Et fort de sa certitude,- celui là ne peut pas être ce que Philippe me raconte -, il va quand même voir cet homme, certainement pour faire plaisir à son ami.
Jésus commence alors par le féliciter pour sa culture, qui ne lui permet pas de prendre des vessies pour des lanternes, ce qui provoque un premier choc, d'où me connais-tu, comment sais-tu ce que je pense, comment connais-tu ce que je viens de dire à Philippe? Car la phrase de Jésus semble montrer qu'il a entendu (comme à la fin de l'évangile, il montrera à Thomas qu'il avait entendu ce que ce dernier avait dit à ses amis qui disaient avoir vu le Seigneur). On dirait que Jésus approuve sa réaction. Mais Jésus d'enfoncer le clou un peu plus loin, en révélant quelque chose que seul Nathanaël peut comprendre. Peut-être que le figuier renvoie à la connaissance, donc à la lecture de la Torah, peut-être que le figuier est un lieu que Nathanaël, aime, peut-être qu'il aime les figues, peut-être… Peut-être qu'il s'imaginait sous le figuier en train d'attendre que Dieu vienne lui parler, comme un ami à un ami, peut-être… . On peut fantasmer, mais seul Nathanaël savait. Et ce qui est dit là, lui permet de comprendre que même si Jésus est de Nazareth, il est bien ce que lui a annoncé Philippe. Alors à son tour, il peut proclamer: "C'est toi le Fils de Dieu, le roi d'Israël".
Jésus lui fait alors une sorte de reproche et une promesse: voir les cieux ouverts et les anges du ciel monter et descendre au dessus du Fils de l'Homme. C'est là une vision grandiose, qui à la fois montre que le ciel s'est ouvert, que Jésus fait le lien (l'échelle du songe de Jacob) entre le ciel et la terre, et que les temps nouveaux sont en train de s'accomplir.

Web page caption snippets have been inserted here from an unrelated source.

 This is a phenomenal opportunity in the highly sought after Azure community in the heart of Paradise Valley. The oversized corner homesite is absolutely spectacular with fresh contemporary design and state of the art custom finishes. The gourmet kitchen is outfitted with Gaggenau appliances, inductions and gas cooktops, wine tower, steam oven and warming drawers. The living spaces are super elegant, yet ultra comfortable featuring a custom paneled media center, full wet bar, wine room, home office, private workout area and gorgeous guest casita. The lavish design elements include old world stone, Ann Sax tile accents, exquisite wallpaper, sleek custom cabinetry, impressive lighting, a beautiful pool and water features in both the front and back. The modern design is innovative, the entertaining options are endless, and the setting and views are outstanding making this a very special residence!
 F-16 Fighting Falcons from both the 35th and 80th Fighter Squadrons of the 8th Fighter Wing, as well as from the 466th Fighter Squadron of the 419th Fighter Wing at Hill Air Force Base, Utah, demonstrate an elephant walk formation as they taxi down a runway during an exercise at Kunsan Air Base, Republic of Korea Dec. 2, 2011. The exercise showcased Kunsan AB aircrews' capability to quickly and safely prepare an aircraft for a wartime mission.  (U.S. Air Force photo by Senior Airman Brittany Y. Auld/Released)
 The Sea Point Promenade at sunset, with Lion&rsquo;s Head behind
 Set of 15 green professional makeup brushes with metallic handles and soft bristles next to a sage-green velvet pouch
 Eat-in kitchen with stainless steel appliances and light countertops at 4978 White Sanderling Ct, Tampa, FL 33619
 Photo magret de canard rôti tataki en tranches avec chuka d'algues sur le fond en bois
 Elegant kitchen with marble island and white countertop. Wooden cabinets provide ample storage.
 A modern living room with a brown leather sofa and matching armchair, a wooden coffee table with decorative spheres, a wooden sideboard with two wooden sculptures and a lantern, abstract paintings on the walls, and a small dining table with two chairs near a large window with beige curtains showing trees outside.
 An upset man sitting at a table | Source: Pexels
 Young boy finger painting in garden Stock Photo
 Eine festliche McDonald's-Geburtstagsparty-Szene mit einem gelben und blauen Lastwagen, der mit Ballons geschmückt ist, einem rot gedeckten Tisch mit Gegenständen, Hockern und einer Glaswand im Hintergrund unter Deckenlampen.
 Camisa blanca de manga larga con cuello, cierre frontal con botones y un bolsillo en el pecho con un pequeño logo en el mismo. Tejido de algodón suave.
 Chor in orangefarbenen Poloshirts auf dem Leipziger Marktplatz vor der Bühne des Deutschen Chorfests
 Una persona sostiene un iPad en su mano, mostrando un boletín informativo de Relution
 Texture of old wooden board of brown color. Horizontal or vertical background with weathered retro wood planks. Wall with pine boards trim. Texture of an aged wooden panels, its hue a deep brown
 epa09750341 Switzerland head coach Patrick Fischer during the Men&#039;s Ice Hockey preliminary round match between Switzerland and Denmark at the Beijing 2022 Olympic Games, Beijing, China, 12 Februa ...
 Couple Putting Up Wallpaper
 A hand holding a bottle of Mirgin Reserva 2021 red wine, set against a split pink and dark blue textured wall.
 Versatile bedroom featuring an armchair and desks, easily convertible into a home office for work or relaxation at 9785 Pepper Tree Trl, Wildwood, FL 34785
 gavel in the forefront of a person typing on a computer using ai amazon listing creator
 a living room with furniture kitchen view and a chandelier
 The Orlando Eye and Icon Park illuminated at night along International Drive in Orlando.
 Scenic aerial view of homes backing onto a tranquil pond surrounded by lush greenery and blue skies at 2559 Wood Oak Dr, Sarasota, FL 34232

Ensuite Nathanaël disparaît de la scène, et cela clôt le premier chapitre de cet évangile qui fait de Jésus bien plus qu'un homme, et ce dès le début.
Mais si on va au dernier chapitre de l'évangile de Jean, curieusement il se passe un peu la même chose avec Thomas. En effet, pour Thomas, jésus ne peut pas être ressuscité, même si les dix lui ont dit ce qui s'est passé (de même que Jésus vivant à Nazareth ne peut être le messie). Il y a le même déni. Puis Jésus apparaît, et fait comprendre à Thomas, qu'il sait ce que ce dernier à dit (de même qu'il a vu où était Nathanaël). Et il se passe pour Thomas ce qui s'est passé pour Nathanaël: les défenses tombent et la reconnaissance de la divinité est proclamée. Puis Jésus promet quelque chose. Au début de l'évangile, c'était de voir les cieux ouverts, avec le Fils de l'Homme faisant le lien, là c'est une promesse liée à la foi, il ne s'agit plus de vision, il s'agit de croire. Et cela fait de nous des "Heureux"..
Mais peut-être que l'important dans ce qui se joue dans ces chapitres qui ouvrent et ferment l'évangile de Jean, c'est le chemin proposé.
Jésus accepte que l'on se pose des questions, que l'on ne fonce pas tête baissée parce qu'un autre nous a parlé de lui. Il prend du temps, et il montre qu'il "sait" et c'est cela qui peut ou non provoquer le déclic, car la liberté reste intacte. Et une fois que la reconnaissance est faite, alors quelque chose d'autre s'ouvre, comme si le cœur pouvait se dilater à d'autres dimensions, et nous mettre dans ce temps nouveau.